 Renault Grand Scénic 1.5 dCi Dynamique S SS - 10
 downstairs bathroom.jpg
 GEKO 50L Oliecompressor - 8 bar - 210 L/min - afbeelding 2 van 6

--

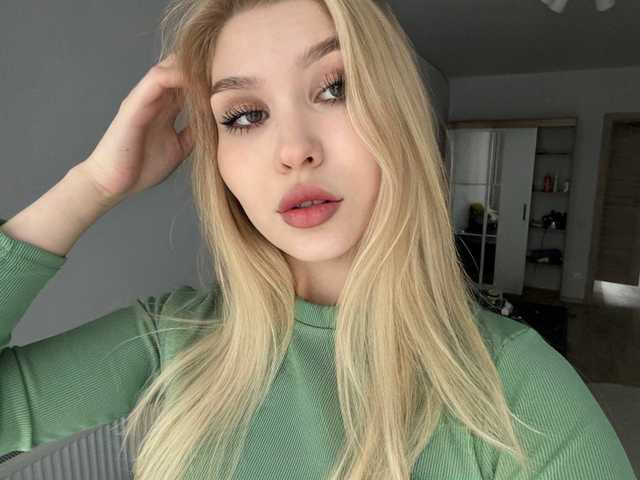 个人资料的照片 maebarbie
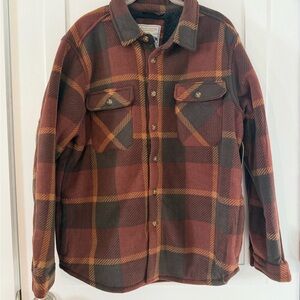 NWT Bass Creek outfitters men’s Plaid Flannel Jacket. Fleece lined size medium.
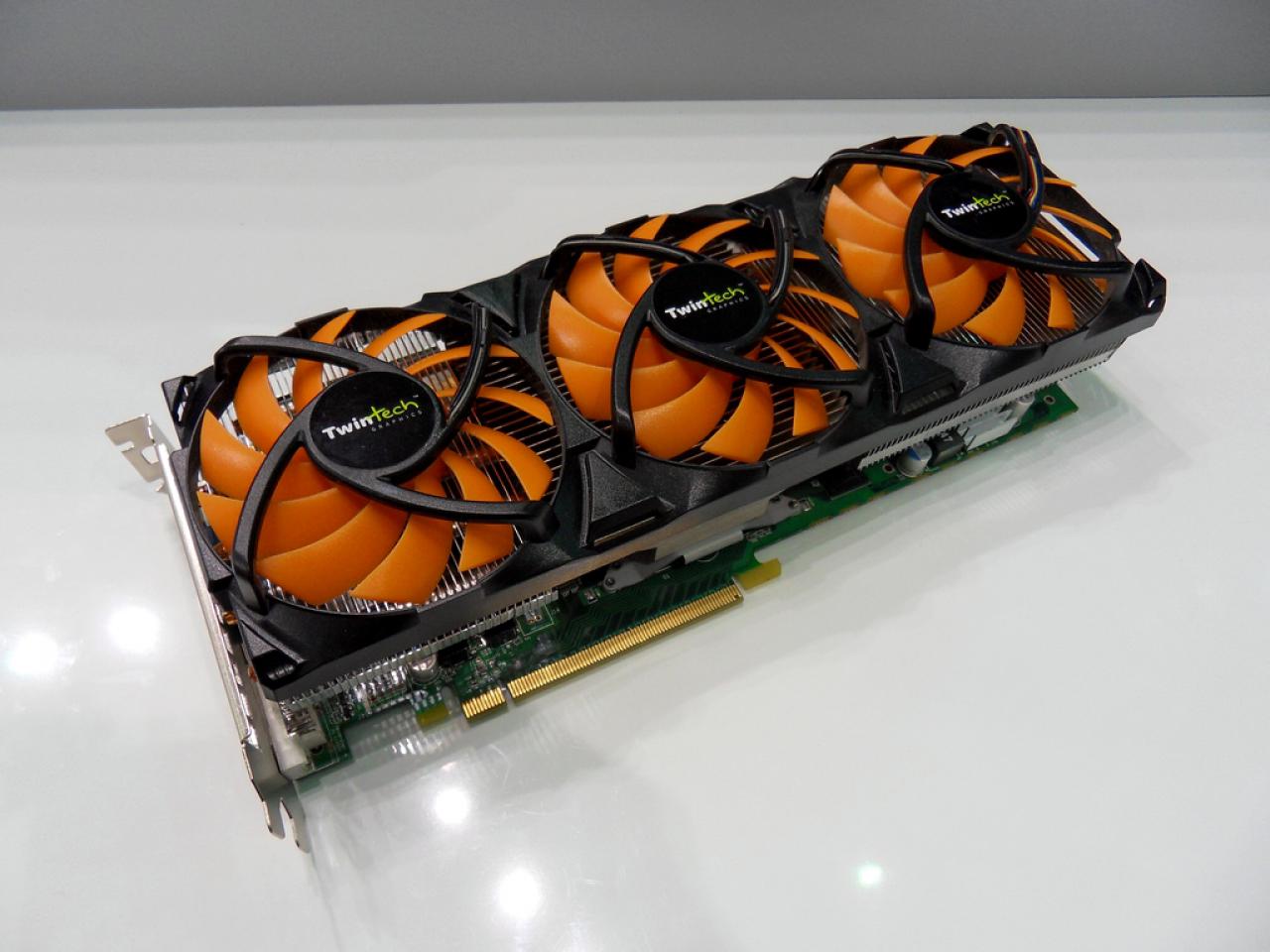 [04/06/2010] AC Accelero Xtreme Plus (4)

#### [Aim of the exercise]
Please give again the lines above between the line holding "Renault Grand Scénic" and the line holding "GEKO 50L Oliecompressor", inclusive, exactly as they are and with nothing added.

#### [Result below]
 Renault Grand Scénic 1.5 dCi Dynamique S SS - 10
 downstairs bathroom.jpg
 GEKO 50L Oliecompressor - 8 bar - 210 L/min - afbeelding 2 van 6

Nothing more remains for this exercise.